A minimal agent loop

Here's a stripped-down sketch in TypeScript-flavored pseudocode that ties it together. Real implementations add streaming, error handling, and tracing, but the shape is exactly this.

ts
async function runAgent(goal: string, tools: Tool[], maxSteps = 12) {
  const messages: Message[] = [
    { role: "system", content: SYSTEM_PROMPT },
    { role: "user", content: goal },
  ];

  for (let step = 0; step < maxSteps; step++) {
    // DECIDE: ask the model what to do next
    const response = await llm.chat({ messages, tools });

    // No tool calls means the model is done — return its answer
    if (!response.toolCalls?.length) {
      return response.content;
    }

    messages.push({ role: "assistant", content: response.content });

    // ACT: execute each requested tool call
    for (const call of response.toolCalls) {
      let result: string;
      try {
        const fn = lookupTool(tools, call.name);
        if (!fn) throw new Error(`Unknown tool: ${call.name}`);
        const args = validate(fn.schema, call.args); // guardrail
        result = await fn.execute(args);
      } catch (err) {
        // Return errors to the model so it can recover
        result = `Error: ${(err as Error).message}`;
      }

      // OBSERVE: feed the result back into context
      messages.push({
        role: "tool",
        toolCallId: call.id,
        content: truncate(result, 4000),
      });
    }
  }

  throw new Error("Agent exceeded max steps without finishing");
}

Notice the things that make it robust: a hard step cap, tool validation, errors returned to the model rather than thrown away, and truncated tool output. Those four lines of defense prevent the majority of runaway behavior.

Final thoughts

Agents are not magic, and they're not a default.

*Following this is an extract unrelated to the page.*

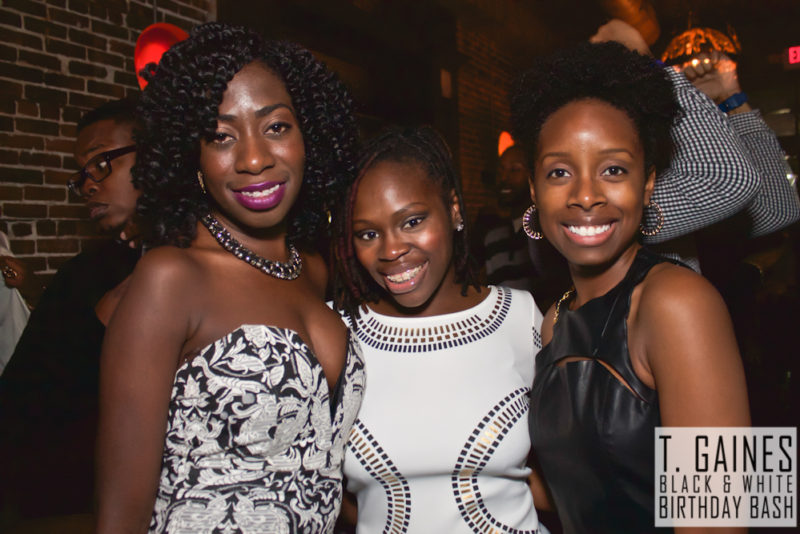 The 2015 T. Gaines Birthday Bash at Ember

They're a specific architecture — an LLM, tools, and a loop — that trades predictability for flexibility. The engineering discipline that makes them reliable is unglamorous: narrow tools, compact context, hard limits, real evaluation, and traces you can actually read.

My advice: start with the simplest thing that could work. Build a workflow if a workflow will do. When you do reach for an agent, instrument it heavily from day one, cap everything, and earn each bit of additional autonomy with a passing eval. Do that, and agentic development stops feeling like a gamble and starts feeling like ordinary, if sophisticated, software engineering.